Blood samples were taken after 12 h of fasting and sent immediately to the laboratory. Oral glucose tolerance tests were performed in all hypertensive subjects after oral ingestion of 1 mg/kg (maximum, 75 mg) of glucose. Plasma glucose levels were measured by a Dimension analyzer (LINCO Research, Billevica, MA). Plasma insulin concentrations were measured by radioimmunoassay, and serum adiponectin and leptin levels by ELISA, using commercially available kits (Diagnostic System Laboratories, Inc., Webster, TX, and LINCO Research, St. Charles, MO, respectively).

Insulin resistance (IR) was expressed as the homeostasis model assessment for insulin resistance (HOMA-IR). In subjects with PH, IR was also calculated as the insulin sensitivity index (ISI[0,120]), according to the formula developed by Gutt et al.¹⁴ The ISI[0,120] is regarded as highly correlated with insulin sensitivity as measured by the euglycemic hyperinsulinemic clamp method.
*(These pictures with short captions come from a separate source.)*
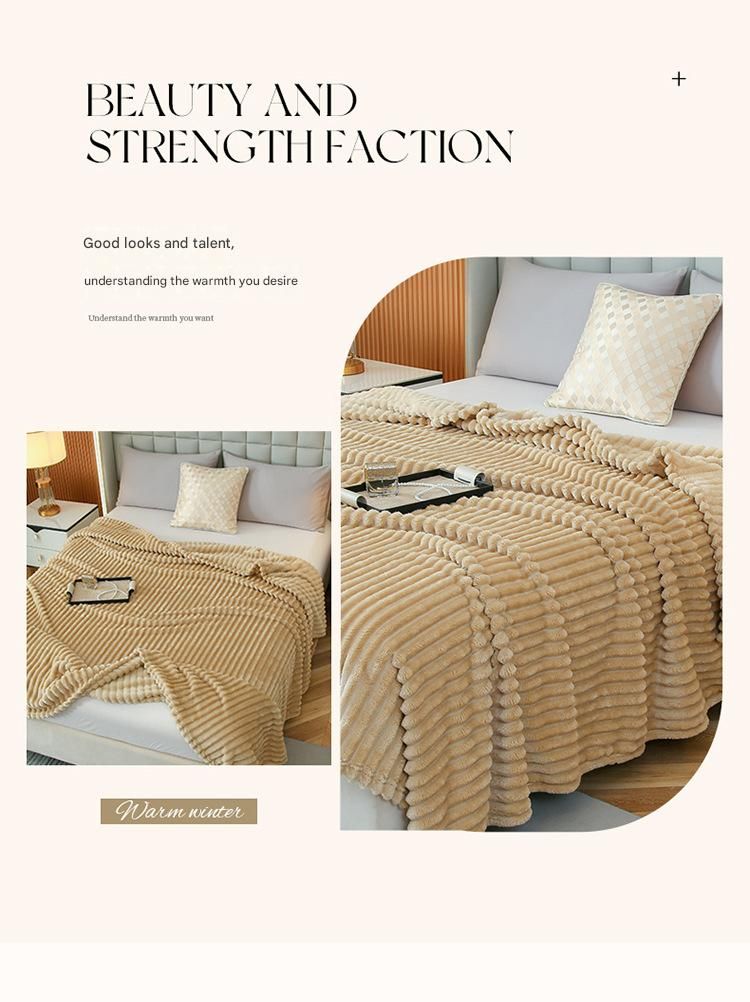 100*150cm Light tan Solid Colour Flannel Throw Blanket - Thick Double-Sided Fleece with Ribbed Texture - Soft throw blanket& Lightweight for Sofa
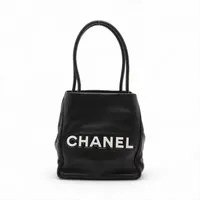 シャネル カメリア ラムスキン トートバッグ ブラック ゴールド金具 7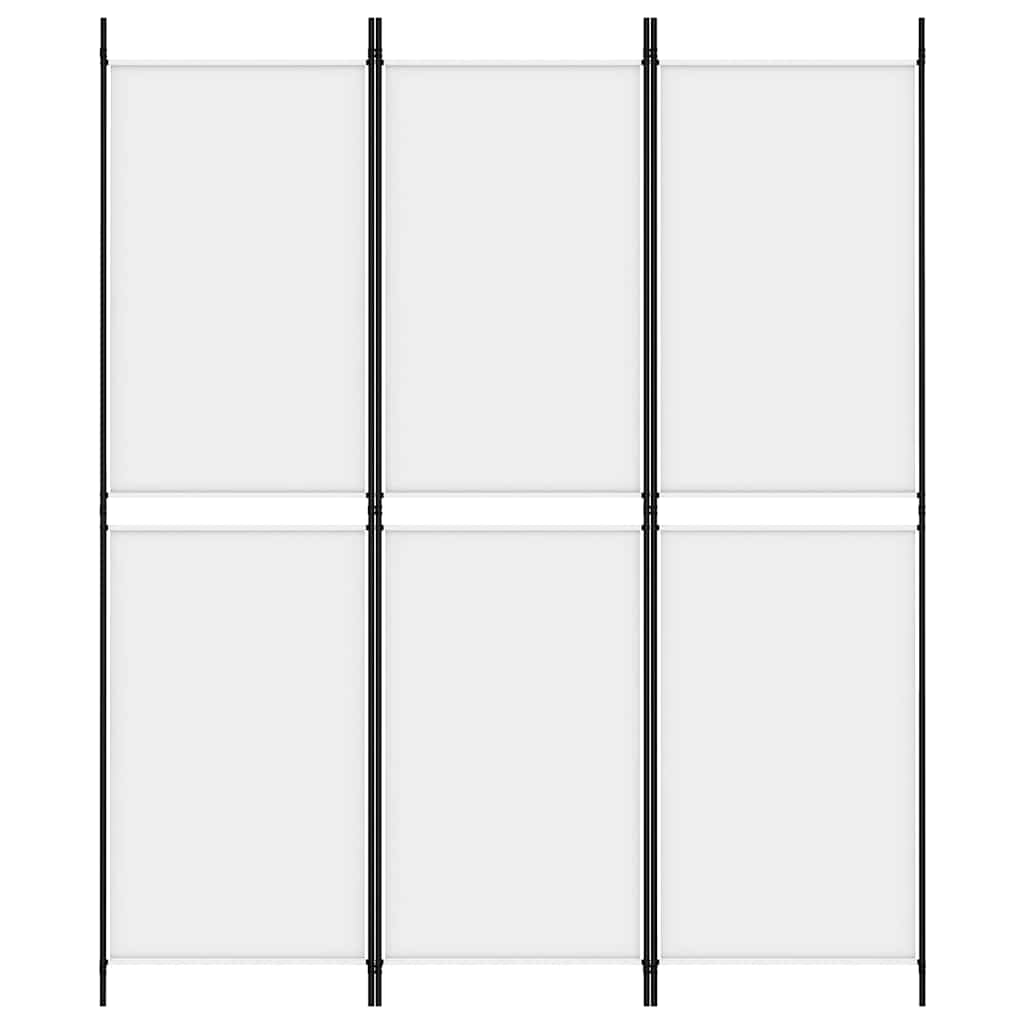 3-tlg. Paravent Weiß 150x180 cm Stoff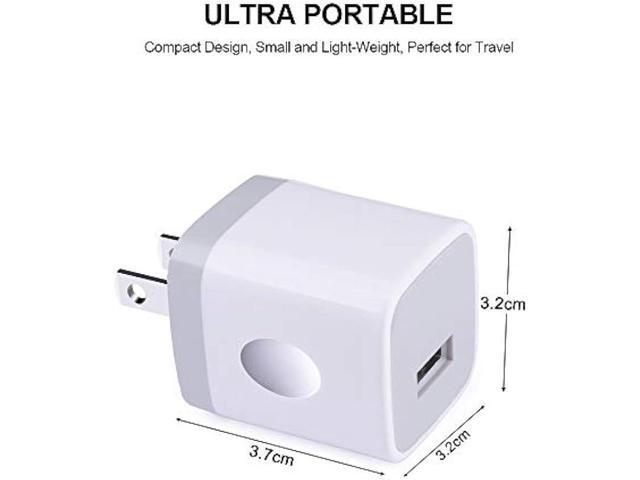 Single Port USB Wall Charger, GiGreen 1A/5V Power Adapter 5 Pack Charging Block Cube Plug Box Compatible Phone X/8/7/Xs/XR/6s/5/SE, Samsung...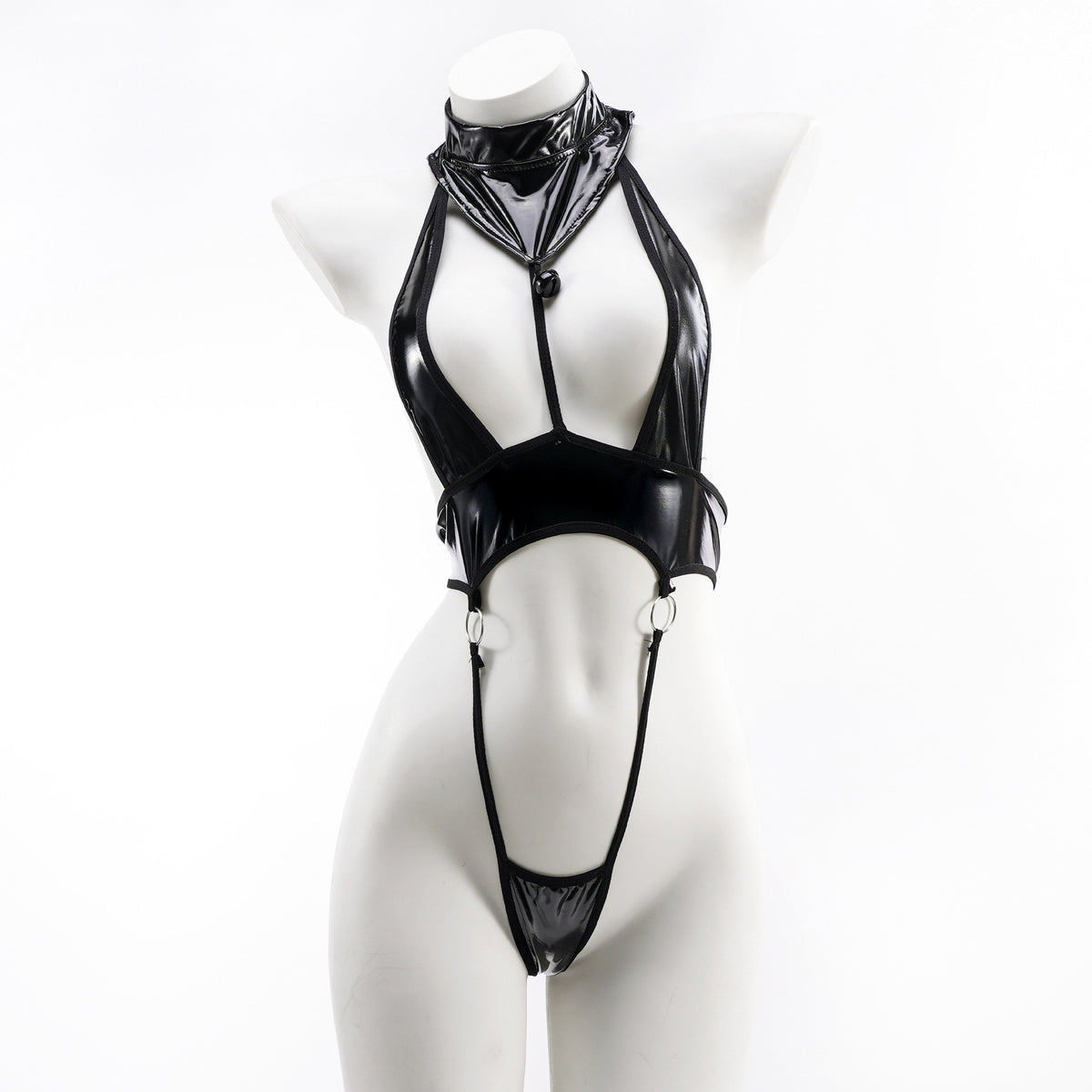 Kawaii Lace Up Leather Bodysuit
The ISI[0,120] was defined as (m/MPG/logMSI), where:

• m = [ingested glucose in mg + (fasting glucose in mg/dL − 2-h glucose in mg/dL) × 0.19 body weight (kg)]/120 min.

• MPG = mean of fasting and 2-h glucose concentrations (in mg/dL).

• MSI = mean of fasting and 2-h insulin concentrations (mU/ml).

• ISI[0,120] is expressed as mg × L²/mmol × mU × min.

• A low value of ISI[0,120] indicates greater IR.

Plasma homocysteine was measured with a fluorescence polarization immunoassay (IMX; Abbott, Weisbaden, Germany) for the quantitative measurement of total L-homocysteine. Concentrations of CRP were determined using highly sensitive immunoturbidimetry (Orion Diagnostica, Espoo, Finland).

Definition of MS

Metabolic syndrome was diagnosed when at least three criteria were present. The criteria of MS were defined according to Ford at al⁶ and Weiss et al,⁷ and include a BMI ≥95th percentile for age and sex, arterial hypertension, serum triglycerides >110 mg/dL, fasting plasma glucose >110 mg/dL or >140 mg/dL at 2 h of OGTT, and HDL cholesterol <40 mg/dL.

Statistical Analysis

Because the analyzed groups included subjects of different age and sex, BMI and IMT values were expressed both as absolute values and as SD for age and sex. Homogeneity of variance was checked with the Levene test. Variables with a normal distribution were compared by Student's t-test for independent variables. Values with non-normal distribution were compared by the Mann-Whitney U test. Pearson correlation analysis was performed for variables with a normal distribution, and Spearman correlation analysis was performed for non-normal distribution. Standardized LVM and absolute and standardized IMT values were dependent variables. Comparisons between groups were performed separately for boys and girls. Because in correlationwise and stepwise regression analyses the dependent variables were standardized values of LVM and IMT, both sexes were analyzed together. Variables that differed groups or were correlated with dependent variables were taken into stepwise regression analysis, into which sex was introduced as an independent variable. P < .05 was regarded as significant.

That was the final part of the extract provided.